The reason is both simple and complex: Muslim communities are separated along ethnic lines as well as along denominational lines among Sunnis, Shias and Alawites. Often there is little unity among these groups, hence they fail the most important state criterion: a unified religious body with shared goals and doctrines.

Theologian and linguist Alexander Goerlach (photo: Lars Mensel)
Alexander Goerlach is a visiting academic at Harvard University where he lectures in the field of politics and religion at the Center for European Studies. The linguist and Doctor of Theology has also conducted research at institutions such as Cairo′s Al-Azhar University and the University of Ankara′s Faculty of Theology.
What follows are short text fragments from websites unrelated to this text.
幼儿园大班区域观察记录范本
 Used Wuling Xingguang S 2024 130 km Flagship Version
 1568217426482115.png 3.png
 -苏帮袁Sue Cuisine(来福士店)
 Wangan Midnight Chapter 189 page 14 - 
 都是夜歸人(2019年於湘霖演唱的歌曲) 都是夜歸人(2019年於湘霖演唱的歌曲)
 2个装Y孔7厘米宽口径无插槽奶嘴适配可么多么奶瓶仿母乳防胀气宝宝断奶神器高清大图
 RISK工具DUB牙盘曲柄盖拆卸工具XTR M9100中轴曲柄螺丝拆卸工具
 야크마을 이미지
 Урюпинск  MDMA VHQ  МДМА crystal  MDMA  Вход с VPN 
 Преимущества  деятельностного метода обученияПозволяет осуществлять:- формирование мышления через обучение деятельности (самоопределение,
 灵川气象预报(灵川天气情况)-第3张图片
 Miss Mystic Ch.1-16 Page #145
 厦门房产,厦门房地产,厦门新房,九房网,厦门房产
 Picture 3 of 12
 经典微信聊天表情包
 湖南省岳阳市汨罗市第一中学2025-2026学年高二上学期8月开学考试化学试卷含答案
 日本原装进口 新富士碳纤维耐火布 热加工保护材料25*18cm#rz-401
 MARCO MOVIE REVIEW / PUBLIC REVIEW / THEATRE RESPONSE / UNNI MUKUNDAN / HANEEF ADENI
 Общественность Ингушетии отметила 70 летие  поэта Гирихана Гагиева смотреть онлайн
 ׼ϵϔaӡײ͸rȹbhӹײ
He is founder and publisher of www.saveliberaldemocracy.com, writes for the New York Times and is a senior advisor to the Berggruen Institute, a think-tank based in Los Angeles

These requirements for a religion to get a privileged status in Germany highlight the anachronistic state of the secular federal republic in its approach to faith. The idea that the state can co-operate with religious groups in the same way it co-operates with, say, labour unions presumes a certain unity and hierarchy on the part of those groups. But Islam doesn′t work that way. It simply doesn′t fit within criteria written for the structured Christian churches that have shaped Europe, with bishops and baptismal registers.

And Germany is more Christian than outsiders might believe. Christian holidays like Easter, Ascension, Reformation Day and Corpus Christi are official holidays, but the important holy days of Judaism and Islam are not. In cities and villages across Germany, church bells ring and Christian church representatives broadcast their programs on state radio and television. The title of the law says it all: the Staatskirchenrecht, or the State and Church Law.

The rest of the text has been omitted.